Meningiomas and pituitary tumors are generally more radioresponsive than other types of brain tumors.

The treatment of choice for Feline meningioma is surgery when feasible (depending on location). Radiation therapy is effective when surgical resection is not possible.

The treatment of choice for Canine meningioma is either a combination of surgery and radiation therapy, or radiotherapy alone.

Radiation therapy is an effective treatment of Pituitary macrotumors and has become the safest and most common treatment. The response and survival time is usually dependent on the severity of neurological signs.

While not a neoplastic process, some GME (granulomatous meningoencephalo-myelitis) cases unresponsive to cortico-steroids have responded well to irradiation.

Irradiation of other Intracranial tumors (most without a definite diagnosis) has significantly increased survival time compared to strictly medically-treated cases. Response to treatment is usually dependent on the severity of neurological signs (the more neurological impairment, the worse the prognosis).

Nasal tumors:

Nasal, paranasal sinuses, and nasal plenum

For the most part, studies on tumors of thenasal cavity and paranasal sinuses in canines have been grouped together. Aggressive surgery followed by orthovoltage therapy has produced the best survival times (median of approximately 23 months). When using megavoltage therapy, prior surgery decreases the success rate (mean and median survival of approximately 21 and 13 months respectively).

    In a recent study, megavoltage therapy combined with (OPLA)-cisplatin (not yet available on the market) has increased survival times to a median of some 24 months.
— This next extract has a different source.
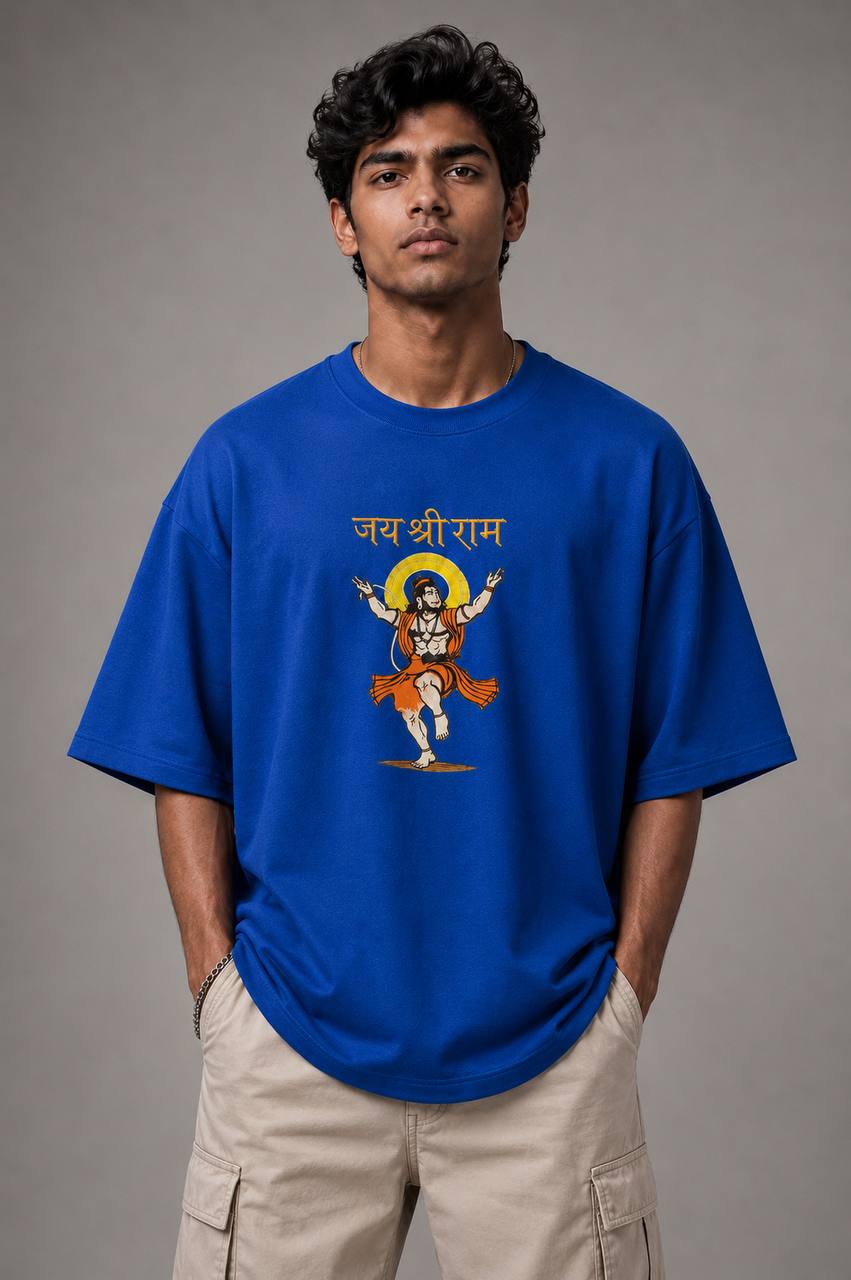 Zellee Premium Oversized Black Embroidered T-Shirt | Jai Shree Ram Lord Hanuman Design | Streetwear Cotton Tee for Men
    In the cat, similar survival times have been achieved as found in the dog.

    Little data is available on Solitary nasal lymphoma in dogs, due to the rarity of cases. Nasal lymphoma in cats is well documented and has been successfully treated with radiation therapy, with and without chemotherapy, resulting to a median survival time of approximately 2 years. A similar survival time was achieved in an isolated canine case treated with megavoltage radiation combined with (OPLA)-cisplatin.

    Squamous cell carcinoma (SCC) of the nasal plenum in felines is most successfully treated with surgery (the use of radiation therapy depends on the tumor margins). Cases treated with radiation therapy alone have also responded well. The prognosis and disease-free interval depends largely on the clinical stage at the start of treatment.

    Unfortunately, SCC of the nasal plenum in canines is more resistant to radiation therapy than SCC of the nasal cavity. Ultimately these tumors are best approached very aggressively with a combination of radiation, surgery and chemotherapy. They may be treated with aggressive surgery (+/- radiation depending on the margins) if found when still relatively superficial. Radiation alone does not appear promising.